I agree, phonics is not the only part of learning to read, but it is the only effective way for word identification. And word identification is the first step in the actual process of reading. The next part is making meaning; initially recognising what the word that has just been decoded and blended 'means' (which will be dependent on the child's expressive and receptive vocabulary) and then how it works with the rest of the sentence so as to understand the idea that is being conveyed in writing. Clearly if the child doesn't get the first bit (decoding etc.) right they are going to struggle with the next bit.

So, a child comes to any form of learning and applies strategies.

So they may well do, but it is up to the teacher and parents to ensure that the correct strategies, those that will lead to effective, problem free reading, are learned and incorrect strategies not allowed to develop.

No-one is attempting to straitjacket your child into a one size fits all mould; children can all be taught the same way without losing their individuality. With reading, the aim is to make it so 'natural' feeling and so automatic that children have the ability to access a whole worlld of ideas and information through text, which they can use to help inform their individual views and character, without having to worry about the mechanical process behind word identification. And, as with learning any skill, practising the correct method to automaticity is the way to achieve this, even though it might feel a bit tiresome at times.

allyfe Sat 05-Apr-14 13:52:57

mrz - I know that is a teachers job, but do you think that teachers are actually able to do that with so many children in a class? It is a genuine question.
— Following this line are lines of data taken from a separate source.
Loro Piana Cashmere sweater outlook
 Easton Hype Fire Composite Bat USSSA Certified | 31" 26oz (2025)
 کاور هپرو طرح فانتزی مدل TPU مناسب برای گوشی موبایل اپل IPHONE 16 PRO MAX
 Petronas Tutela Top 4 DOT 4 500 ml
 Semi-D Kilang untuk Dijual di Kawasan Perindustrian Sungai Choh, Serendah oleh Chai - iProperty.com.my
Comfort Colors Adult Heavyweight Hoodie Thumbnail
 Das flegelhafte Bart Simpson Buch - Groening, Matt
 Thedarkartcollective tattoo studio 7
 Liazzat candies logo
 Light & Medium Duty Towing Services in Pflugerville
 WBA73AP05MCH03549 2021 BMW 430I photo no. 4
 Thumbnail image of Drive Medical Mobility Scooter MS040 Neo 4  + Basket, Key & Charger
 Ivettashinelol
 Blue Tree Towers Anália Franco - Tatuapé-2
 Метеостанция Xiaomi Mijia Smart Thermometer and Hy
I know that teaching is NOT the same as parenting, and I am not a teacher, but if I had to keep 30 children behaving acceptably, coordinating the many activities they have to do, I find it hard to imagine how it would be possible to teach all children based on their individual learning styles. I just can't imagine how it can be possible. But as I said, I'm not a teacher.

maizieD Sat 05-Apr-14 14:00:09

The school is a very middle class school (surprise) and there are tons or parent who go in to help, and so if they can give two books once a week, for any child who wanted them, they could do two books twice a week. They used to but stopped doing it. That would make reading at home easier.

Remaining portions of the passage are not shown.